“It just wasn’t me you were right about.” – Summer Finn
We sat across each other. He smoked, a mug of Corona in front of him. I watched him, inhaling as much second-hand smoke to cause lung cancer by the morning. He seemed comfortable enough when he initiated the change in the topic of our conversation. We veered away from the good old arguments about divorce and abortion, conspiracy theories, freedom, communism, etc. to the supposedly more important one of the feelings. He told me how he felt about our setup. He said that I was a trusted friend but he is willing to risk the friendship for something more by telling me the three words he’d been meaning to say for so long. So, he told me.
“I like you.”
And I just stared. Unfeeling. It crossed my mind how hard this must be for him. I wanted to say something to lift up the heavy cloud that was slowly settling around us. He looked at me, waited for my answer. I didn’t look away but stared squarely at him instead. We were daring each other. He was the first to look away. I won.
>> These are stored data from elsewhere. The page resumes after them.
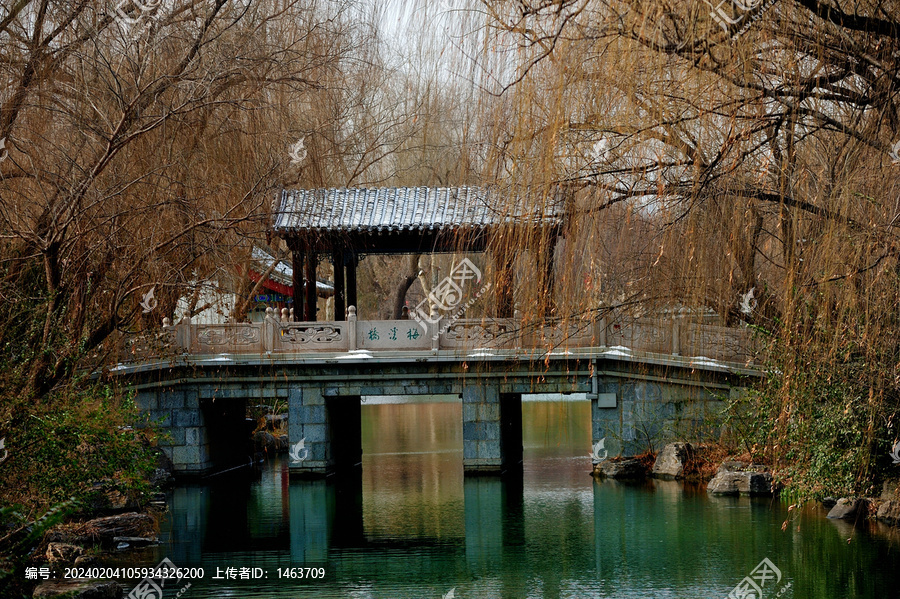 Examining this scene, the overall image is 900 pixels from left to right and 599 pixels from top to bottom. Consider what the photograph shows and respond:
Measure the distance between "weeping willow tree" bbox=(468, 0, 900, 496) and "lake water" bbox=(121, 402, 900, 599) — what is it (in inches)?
87.7

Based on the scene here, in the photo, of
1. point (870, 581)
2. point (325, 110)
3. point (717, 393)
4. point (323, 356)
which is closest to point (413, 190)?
point (325, 110)

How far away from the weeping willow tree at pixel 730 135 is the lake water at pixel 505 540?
2227mm

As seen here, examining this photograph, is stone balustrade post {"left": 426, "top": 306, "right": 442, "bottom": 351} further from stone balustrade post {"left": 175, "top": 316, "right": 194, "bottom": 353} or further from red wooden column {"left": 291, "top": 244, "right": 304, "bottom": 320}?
stone balustrade post {"left": 175, "top": 316, "right": 194, "bottom": 353}

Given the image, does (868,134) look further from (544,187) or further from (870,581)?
(870,581)

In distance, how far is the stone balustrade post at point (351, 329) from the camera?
13422 millimetres

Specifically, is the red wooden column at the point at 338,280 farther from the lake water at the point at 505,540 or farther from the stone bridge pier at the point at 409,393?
the lake water at the point at 505,540

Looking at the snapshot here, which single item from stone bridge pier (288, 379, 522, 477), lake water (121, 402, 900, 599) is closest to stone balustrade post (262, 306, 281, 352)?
stone bridge pier (288, 379, 522, 477)

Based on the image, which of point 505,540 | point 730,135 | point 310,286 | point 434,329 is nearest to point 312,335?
point 310,286

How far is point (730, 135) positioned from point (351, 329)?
30.1ft

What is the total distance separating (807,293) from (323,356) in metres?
8.60

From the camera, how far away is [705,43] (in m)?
4.62

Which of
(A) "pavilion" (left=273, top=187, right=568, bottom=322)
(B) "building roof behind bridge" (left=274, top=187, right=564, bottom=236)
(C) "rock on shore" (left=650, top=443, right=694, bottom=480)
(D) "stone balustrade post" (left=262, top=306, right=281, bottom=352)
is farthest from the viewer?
(D) "stone balustrade post" (left=262, top=306, right=281, bottom=352)

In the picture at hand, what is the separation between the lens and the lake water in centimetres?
812

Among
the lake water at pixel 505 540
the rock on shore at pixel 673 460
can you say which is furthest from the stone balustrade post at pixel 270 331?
the rock on shore at pixel 673 460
“Please understand that I would never want to put you in an uncomfortable situation. I am risking everything now, playing all my cards.”
“I know. Think me ruthless, your Irene Adler. I’m sorry but there’s nothing I can give you right now. I just came out of a rut and I’m not ready for something like this.”
He shook his head, disappointed.
“Always bad timings for me! I must have a Ph.D. in Bad Timings.” That made me smile.
“Maybe it just wasn’t me you were right about.”
“No. I know what I want. It’s the timing that wasn’t right. Well, we never know. Maybe in the future.”
“Yes, we never know.”
He drank the last of his beer.
I couldn’t bring myself to tell him that I see no future with him at all. I just didn’t want to add insult to the injury.
With everything falling down to nothing, I’d like to believe in all the possibilities.